Nishkriya down and probably staying down

    I just wanted to inform the community that is no longer scraping forums.

    The short summary is that the method used to retrieve the latest topics is being blocked. I think its being blocked specifically for the scraping engine only. I was able to determine that in other cases, ( for example another machine) it works as intended/expected.

    If its being blocked then obviously its a hindrance to the forums enough that they had to implement a block of this type. Scraping already is a gray area, and I do not want to test the limits of Onyx Path patience. They have been kind enough so far. Technically I can find ways to work around this, but that's not in the spirit of being a good of being a good community member. Its better to just not scrape the forums that to play games to find hacks and work-arounds. I'll leave the data up for a little while until I wind down the account and hosting environment.

    Are you sure it wasn't an extension of the general forum problems that we were all having?

      I'd message them directly to attempt to figure out if the block is intentional or accidental. I would sorely miss the utility of the site you've created!

        I’m almost certain that it’s not an intentional attempt to stop the service. The forums have been experiencing a lot of trouble lately.

          This is awful. Let's be honest, these forums are an absolute dinosaur--they don't even support HTTPS--and Nishkriya is a much better interface for extracting information from them than this one.

          I'm not the only one who thinks so.


            Fair questions. I debugged the system on both the server and locally. It worked as expected locally, but the results were different on the server. Specifically, we retrieve a list of topics to scrape using a search query to the forum. From the local environment it had all the expected topics and results and was able to parse as expected. On the server, the same query on the server had a response with 0 results/topics. I output and reviewed the html response to compare. I've accounted for anything else that could be different and do not believe that there can be anything else interfering environment wise. I could be wrong, but I think its unlikely.

            I emailed Rich to inquire, but haven't received a response.

            Something occurred approx 2 months ago. I had a work around in place regarding the dev thread at that time, to make sure it was included in the parsing. Due to the way we read the topics from the same search query above, the devs topic had not been included. I added a work around to fix that which made it appear like it was working, but in reality it was only retrieving the dev thread because of this work around, I had not picked up on the fact that it was missing other topics until a user messaged me to point out the discrepancy.

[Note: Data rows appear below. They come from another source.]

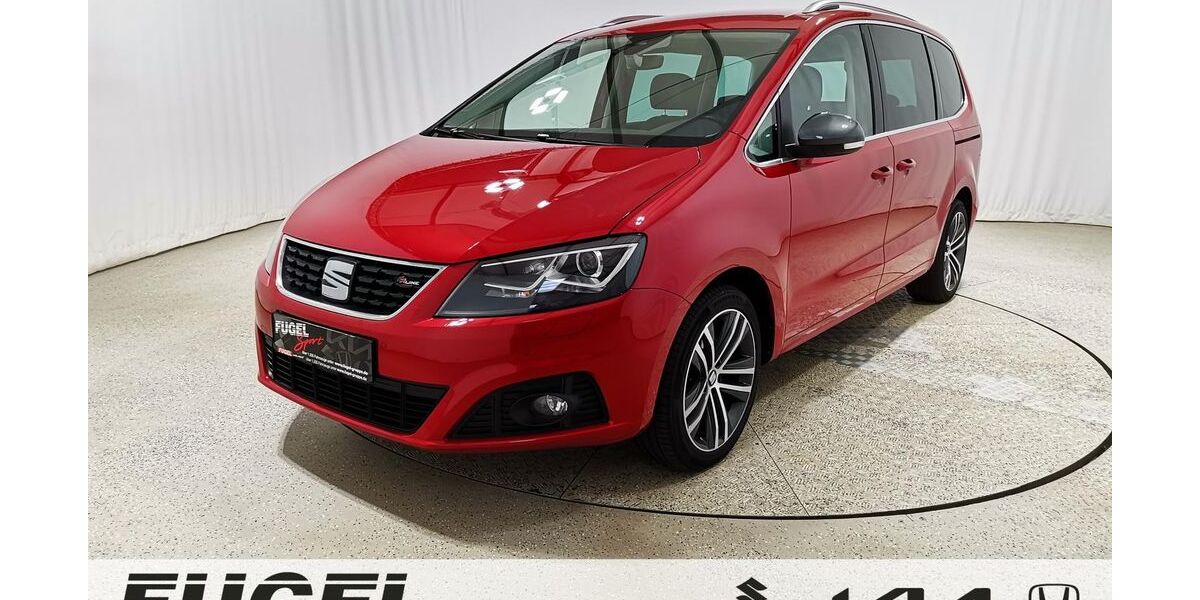 Seat Alhambra 53.660 km 32.999 € Chemnitz - Mittelbach 09224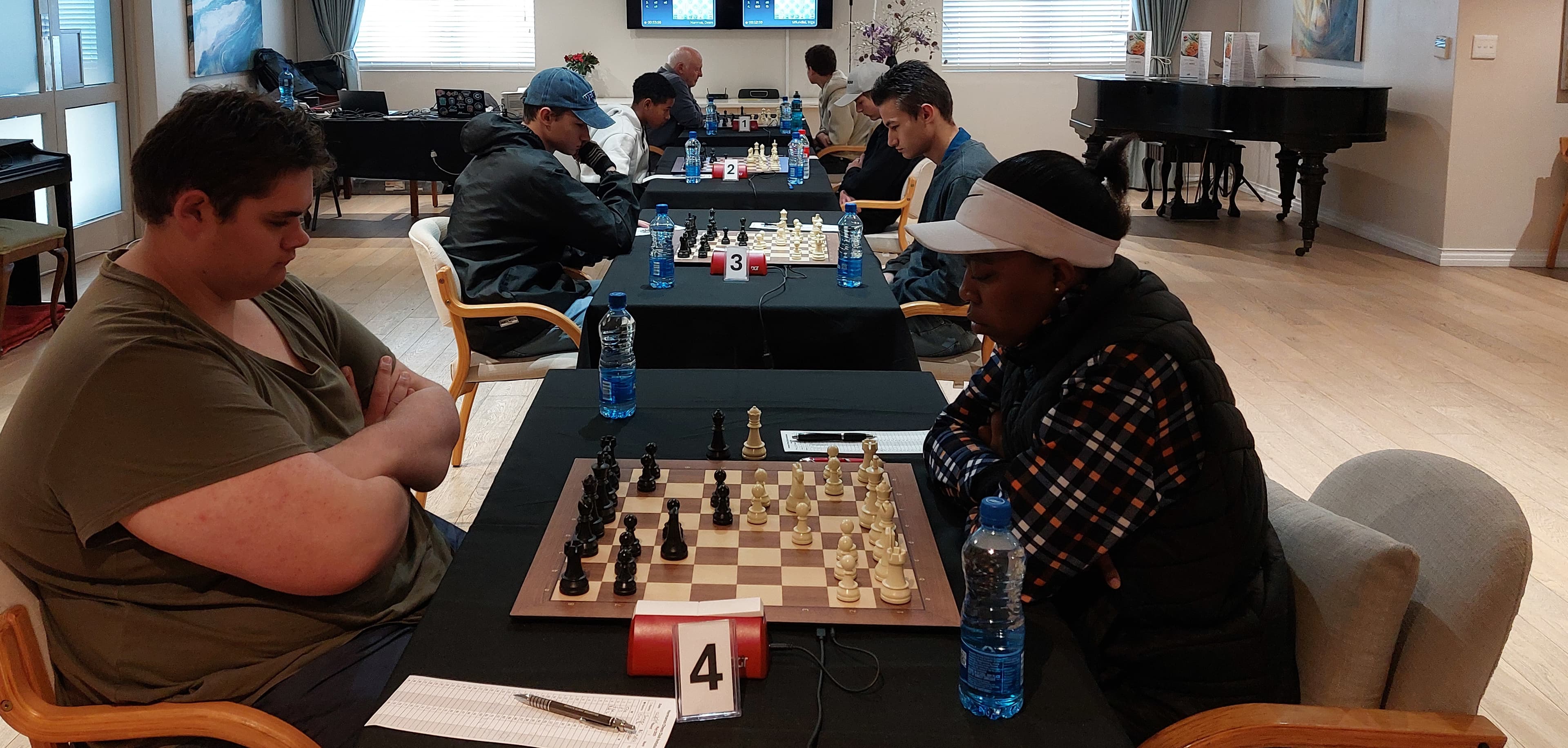 Hermanus Chess Club History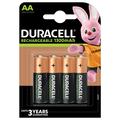 Duracell Recharge R6/AA ladattavat paristot 1300mAh - 4 kpl.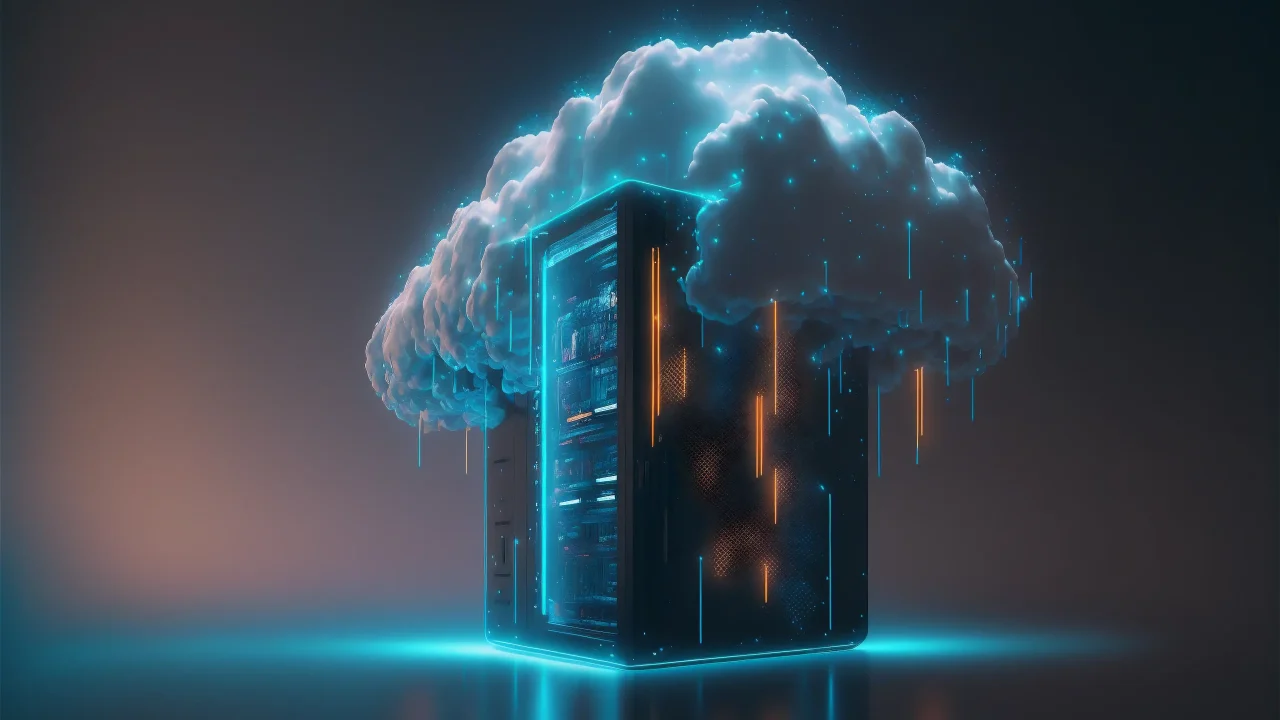 server cloud data storage concept solution web database backup computer infrastructure technology cloudscape digital online service global network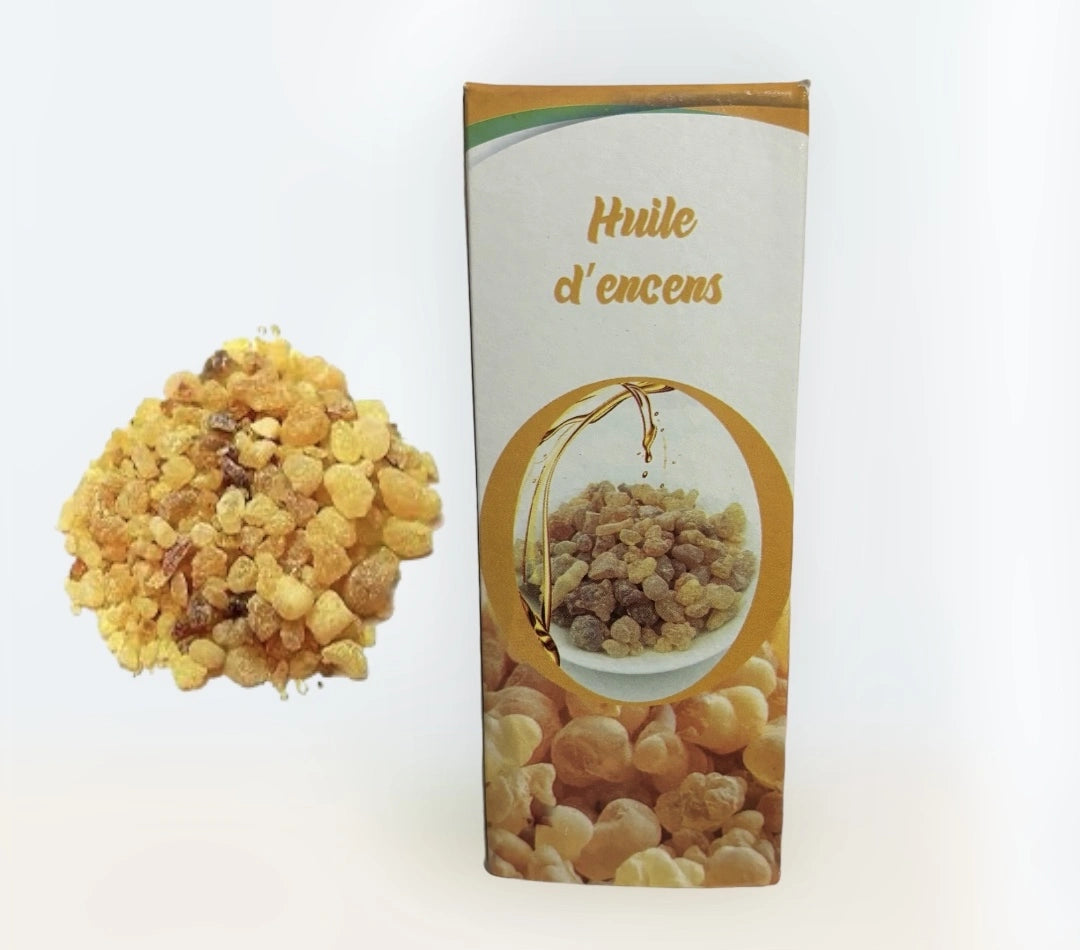 Huile d'Encens BIO - 60ml - AL ASSILLE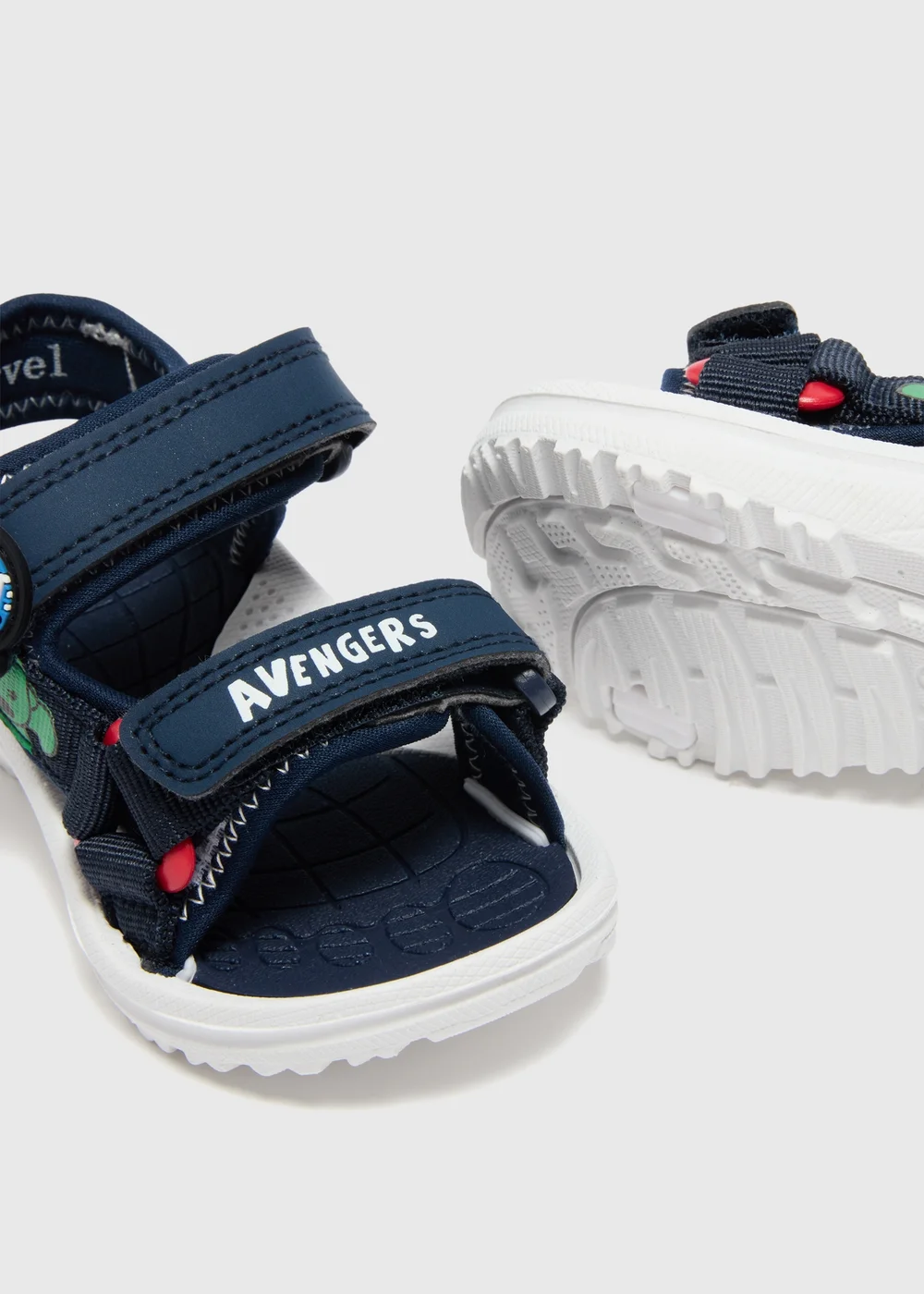 Marvel Kids Avengers Trekking Sandals (Younger 4-12) - Size 4 Infants Image 2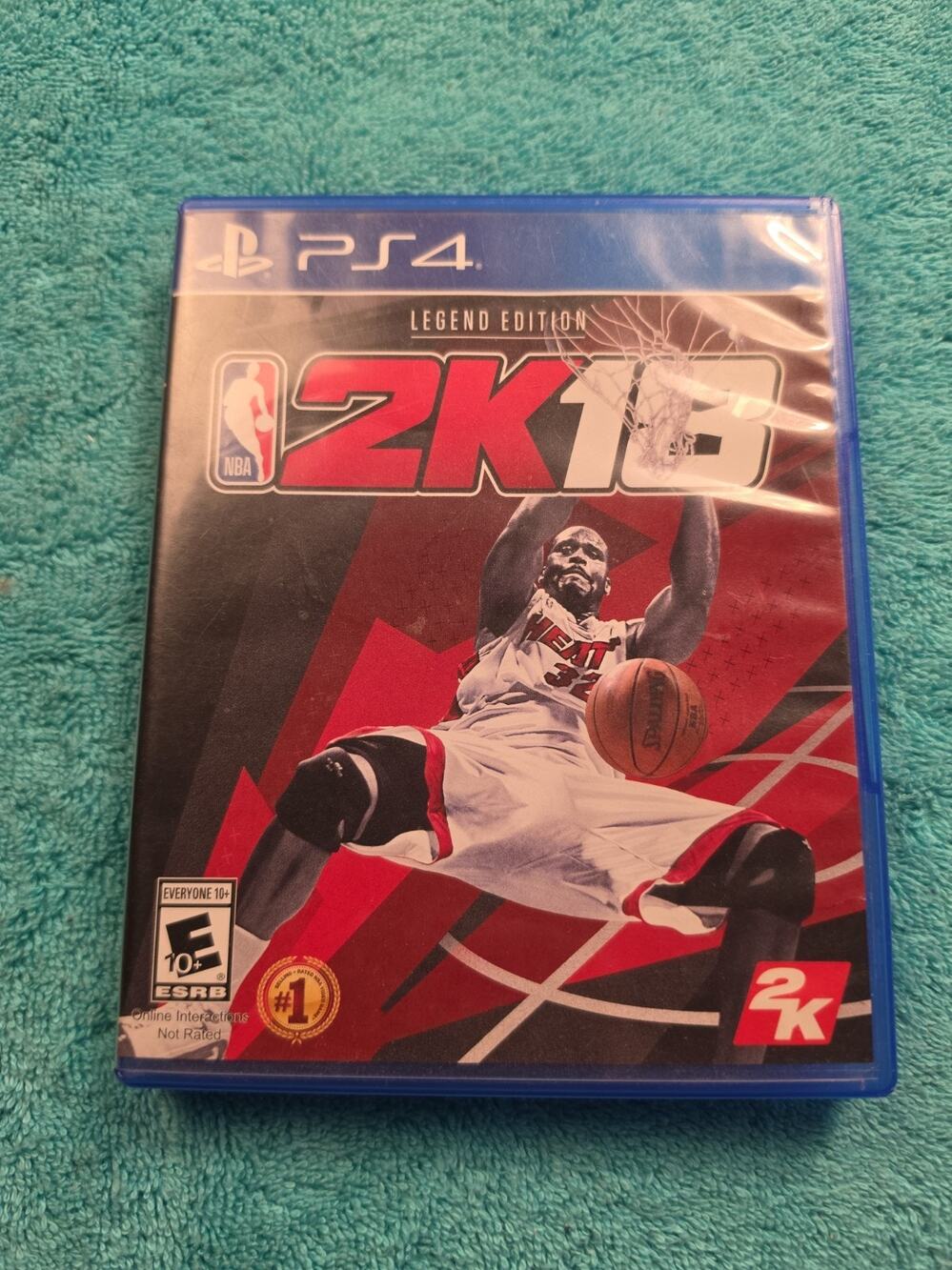 NBA 2K18: Legend Edition for Sony PlayStation 4 Manual Included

            Maybe I'll give it a shot and test it again in a few days or a week, if anything changes I'll post here.


              Originally posted by Nishkriya2 View Post
              I emailed Rich to inquire, but haven't received a response.
              The "Contact Us" button? Yes?

                I was doing some searching myself the other day. I too was getting zero results for things I knew had results. I think it's whatever's afflicting the forums currently.


                  Ian tells me that whatever in the forum code is blocking your action is deeper than we have access to. It’s not deliberate on our part.


                    I know nothing about coding, so I'm speaking from a place of ignorance, but is it possible that Ask the Devs has just grown larger than the forum software is equipped to deal with? I know Giant in the Playground's forums, which are also on a version of vBulletin, close all threads after 50 pages, and Ask the Devs is already more than 18x that length.


                      Thanks for clarifying Rich.

                      I'll check the forums status periodically and keep an eye out for changes or updates. I wont take anything down and if i can get it working again soon I will do so and post an update here.


                        I do wonder if that thread is that long, if we're simply hitting timeout conditions in the server. If it were multiple queries failing, I'd suggest dropping the rate, but given that even a single query seems bad, I wonder if we could scrape a _different_ thread as a test... say, this one, and see if it catches RichT's post, or if it's general across the whole SW stack.


                          Nishkriya appears to be working again, at least for the time being!